While Japan’s baseball and football stars continue to dominate the headlines, Japanese athletes have been quietly carving out niches for themselves overseas in other sports. In the elegant world of women’s figure skating, Japan has emerged as something of a powerhouse since Midori Ito captivated the world with her distinctive brand of powerful, energetic skating in the late eighties and early nineties. A number of subsequent leading lights in the sport, including 1994 world champion Yuka Sato and current teenage phenomenon Mao Asada, have chosen to base themselves abroad. Sato, currently a fan favorite on the Stars On Ice circuit, splits her time between Tokyo and Detroit, where she trains and coaches together with her husband, skater Jason Dungjen. Asada, currently ranked first in the world in women’s singles, resides in Los Angeles where she trains with legendary coach Rafael Arutunian, whose prestigious protégés include Michelle Kwan.

In a similarly icy realm, Hokkaido native Yutaka Fukufuji made history on January 13, 2007 when the 24-year-old goaltender laced up his skates for the Los Angeles Kings, thus becoming the first Japanese to play in the National Hockey League. Following in the footsteps of Hiroyuki Miura (drafted by Montreal in 1992 but never reaching the top level), Fukufuji has emerged as Japan’s premiere exponent of a sport that has long maintained a small but dedicated following in the country, and while currently relegated to the minor-league Bakersfield Condors (where he is a fan favorite), expectations for the still young Fukufuji remain high.
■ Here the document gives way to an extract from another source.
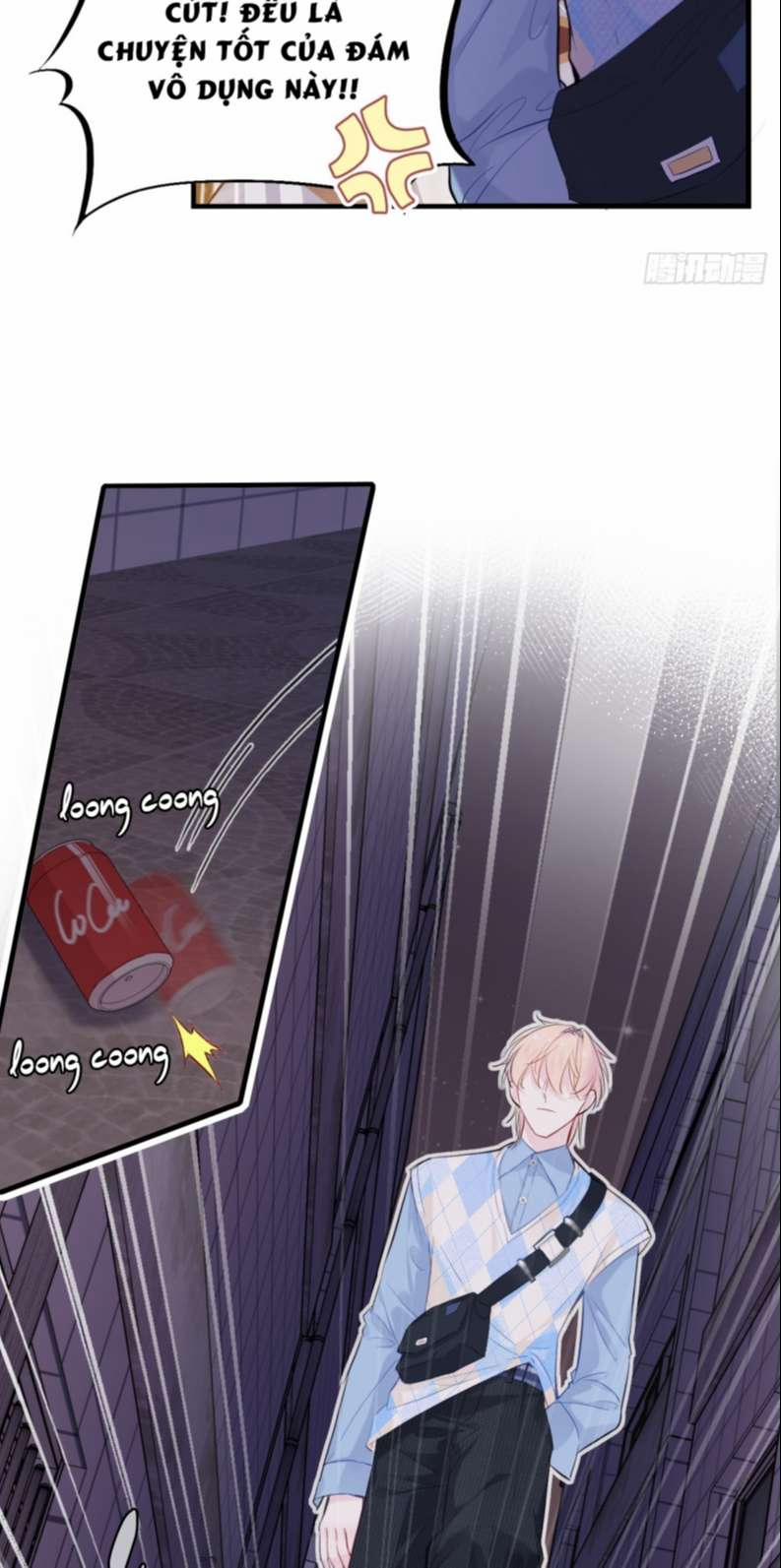 Anh Ấy Chưa Từng Rơi Xuống 17 trang 17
While Japanese athletes have clearly established themselves as a force to be reckoned with overseas, it remains to be seen whether Japan is truly shedding its athletic insecurity complex. In Japanese baseball, allegations persist that managers manipulate the game so that its most hallowed records are not broken by overseas players. According to Hideki Matsui, change is indeed underway. “In the past there has been more of that sort of unfairness, but it has been decreasing in the last couple of years,” asserts the Yankees slugger. Given the increasing success that Japanese athletes like himself are enjoying overseas, there ought to be no need for such favoritism.